The first time I saw category theory’s definition of a product I thought it was a bizarre complication. “The product of A and B is an object P such that for any other object X …”

What is this X doing in our definition? It’s not our product, nor is it one of the things we’re taking the product of.  And why introduce a diagram? Is the product of two mathematical objects a picture?! Why not come out and say what a product is rather than saying what it does? It’s just ordered pairs, right?

Category theory is all about how things behave rather than what they’re made of inside. So you could say that talking about pairs of elements violates the rules of the game. But that raises the question of why play this game at all. What do we get in return for placing such severe and unusual restrictions on ourselves?

The answer is that we get to see broader connections. When we focus on behavior rather than internal composition, we can see that two things behave the same even though they look different inside. Software developers should be familiar with this idea: depend on interface rather than implementation.

## Definition

OK, so what is this mysterious definition of product? It’s a mouthful, but we’ll explain why it has to be what it is.

Given two objects A and B in some category, a product of A and B is an object P in that category and a pair of morphisms π1: PA and π2: PB such that for every object X with morphisms f1: X → A and f2: X → B, there exists a unique morphism f that makes the following diagram commute.

Whew! That’s a lot more work than saying a product is the set of ordered pairs (ab) with a from A and b from B. And it’s not the first definition of product a student should see. However, there are three reasons why it’s worth introducing later:

1. The ordered pair definition is not complete.
2. The categorical definition is not as complex as it seems.
3. The categorical definition makes new connections visible.

## Why not ordered pairs

Saying “a product is just ordered pairs” isn’t enough. You have to say how the product relates to the things it’s a product of. In the case of a Cartesian product of sets, the projections are so obvious that it’s hard to realize they’re even there, but in general they need to be specified.
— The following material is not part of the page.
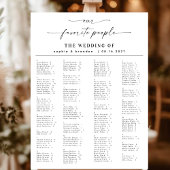 Elegant Script Alfabetische bruiloft zitgrafiek Poster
Another reason the ordered pair definition isn’t complete is that you need to say how the product is structured. If you’re taking the product of groups, for example, then you have to say how the group operation is defined on these ordered pairs. (There’s more than one way to do this. See here.) Or if you’re taking the product of two topological spaces, then you have to say what the topology is on this set whose points are the ordered pairs.

The categorical definition doesn’t tell you how to construct a product, but it tells you how to know when you’ve found something that works. That’s the trade-off: in order to have a theory that exposes wider connections, it can’t be tied to a specific example. Whether that’s an acceptable trade-off depends on your aim.

To reach further with our theory, we have to look at how things behave rather than how they are constructed. So how does a product behave? It lets you take components: here’s the first component, here’s the second. That’s about it. The categorical definition formalizes this in terms of projections, and it says that this is a universal property of products: anything else that acts like a product factors uniquely through the product.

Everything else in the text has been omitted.